Collected data:
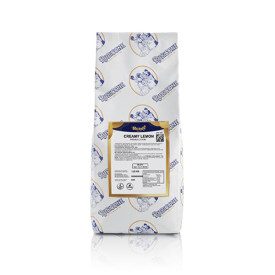 CREAMY LEMON BASE READY & SOFT | Rubicone | Certifications: gluten free, dairy free, vegan; Pack: box of 10 kg. - 8 bags of 1.25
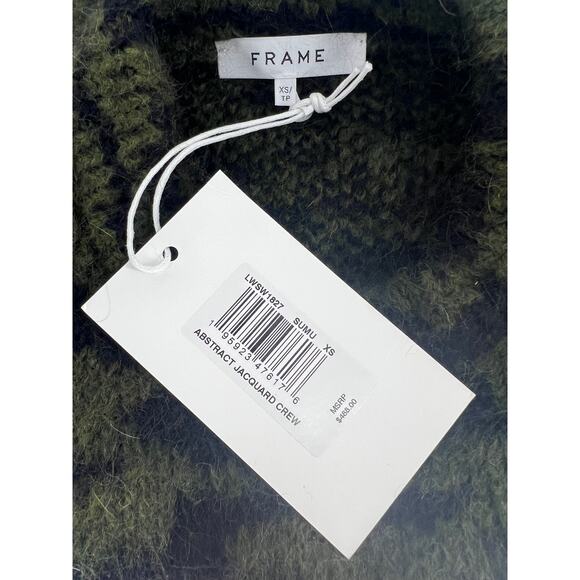 Frame Abstract Jacquard Crew Neck Sweater - Picture 9 of 12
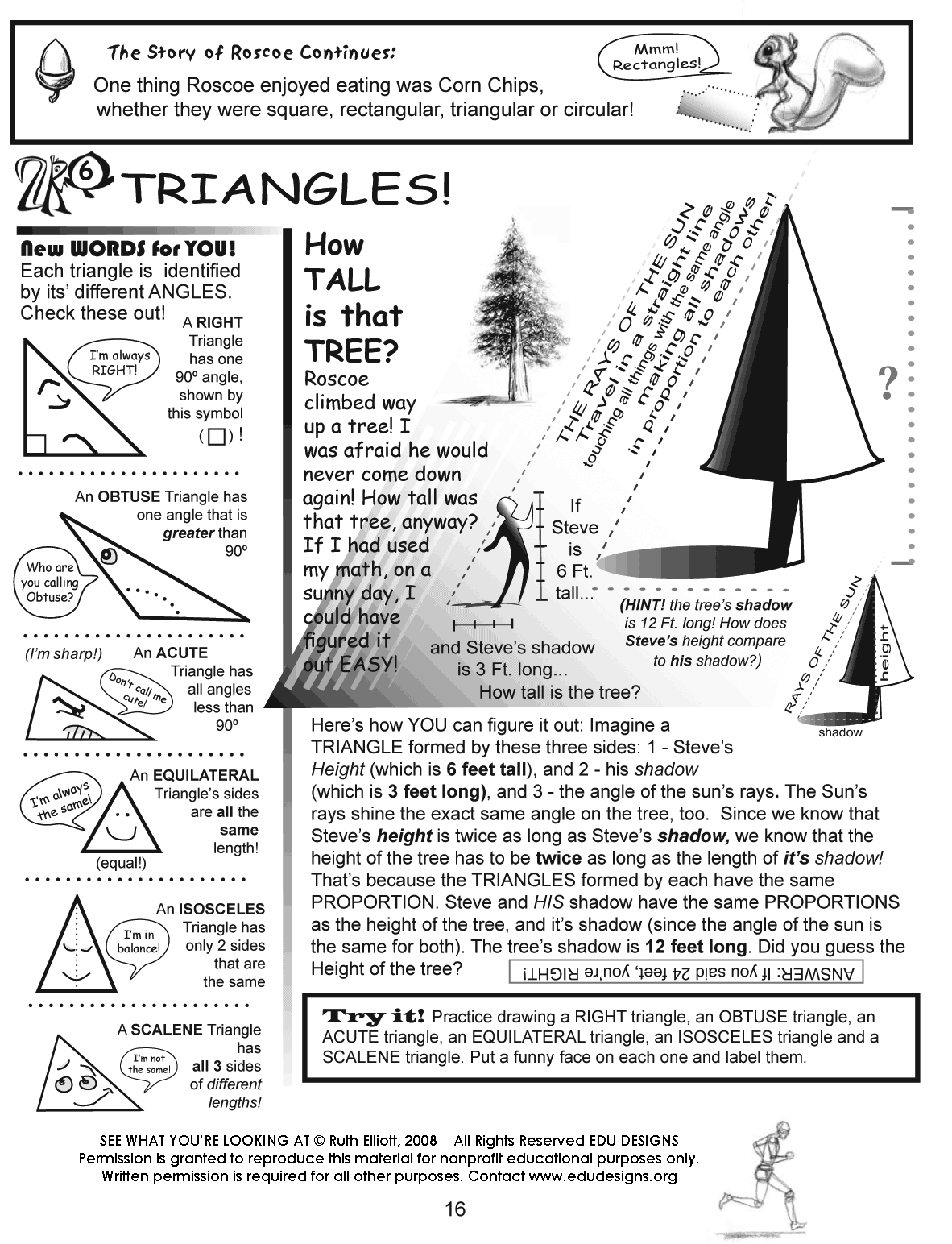Triangles tell height of tree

Exercise description: Repeat the listing above exactly, with no pictures.

Response:
 CREAMY LEMON BASE READY & SOFT | Rubicone | Certifications: gluten free, dairy free, vegan; Pack: box of 10 kg. - 8 bags of 1.25
 Frame Abstract Jacquard Crew Neck Sweater - Picture 9 of 12
Triangles tell height of tree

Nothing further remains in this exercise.